On exactly one occasion, Bush departed from script and spoke of a "Marshall Plan" for Afghanistan, promising to rebuild the government and the army and provide health and education services. Rumsfeld and Wolfowitz jumped into damage control, pronouncing in no uncertain terms that the U.S. was not interested in helping the people of Afghanistan to rebuild. Bush never spoke that way again.
When CIA meddling failed to block nation-building, corruption did the job. So, who is going to rescue Libya? U.S. contractors?
The report [by the GAO] stated that while NGO CARE had built forty schools in 2004,... USAID contractors had built eight schools costing four times as much.
... Every Afghan in Kabul had a scandalous story to tell.
Different country, same story. I once heard an Iraqi say, "In Iraq, Americans are famous for corruption."
This brief glance does not convey the extent to which Rashid's detailed analysis reveals U.S. behavior in Afghanistan as doing more to undermine than to support the development of democracy.
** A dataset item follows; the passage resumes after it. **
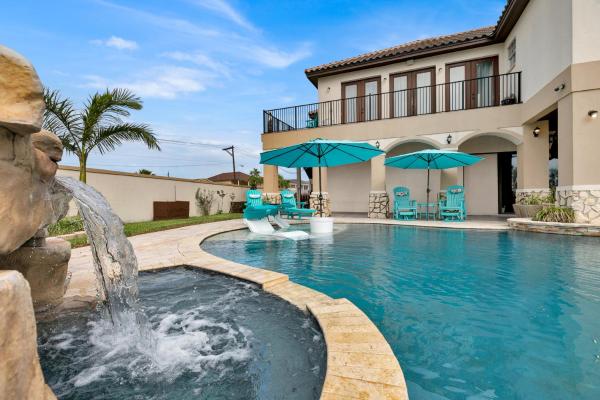 Paradise Villa: 2 blocks from beach, private pool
Are we to assume this changed overnight with the election of Obama? Has the CIA been pushed out of the policy arena? Has Congress or the administration cleaned up the corruption we can expect to accompany any implementation of a Libyan policy?
Andrew Bacevich
Did Obama bring change we can believe in? We can believe, but we would probably be wrong. Here is what Andrew Bacevich said to Bill Moyers during the 2008 presidential campaign. [emphasis added]
ANDREW BACEVICH: Parsing every word, every phrase, that either Senator Obama or Senator McCain utters, as if what they say is going to reveal some profound and important change that was going to come about if they happened to be elected. It's not going to happen.
BILL MOYERS: It's not going to happen because?
ANDREW BACEVICH: Not going to happen - it's not going to happen because the elements of continuity outweigh the elements of change. And it's not going to happen because, ultimately, we the American people, refuse to look in that mirror. And to see the extent to which the problems that we face really lie within.
Bacevich is no ideologue. He studied war at West Point, he lost his son to the Afghanistan War.
Back in 1980, I think, President Carter, in many respects when he declared the Carter Doctrine, and said that henceforth, the Persian Gulf had enormous strategic significance to the United States and the United States is not going to permit any other country to control that region of the world.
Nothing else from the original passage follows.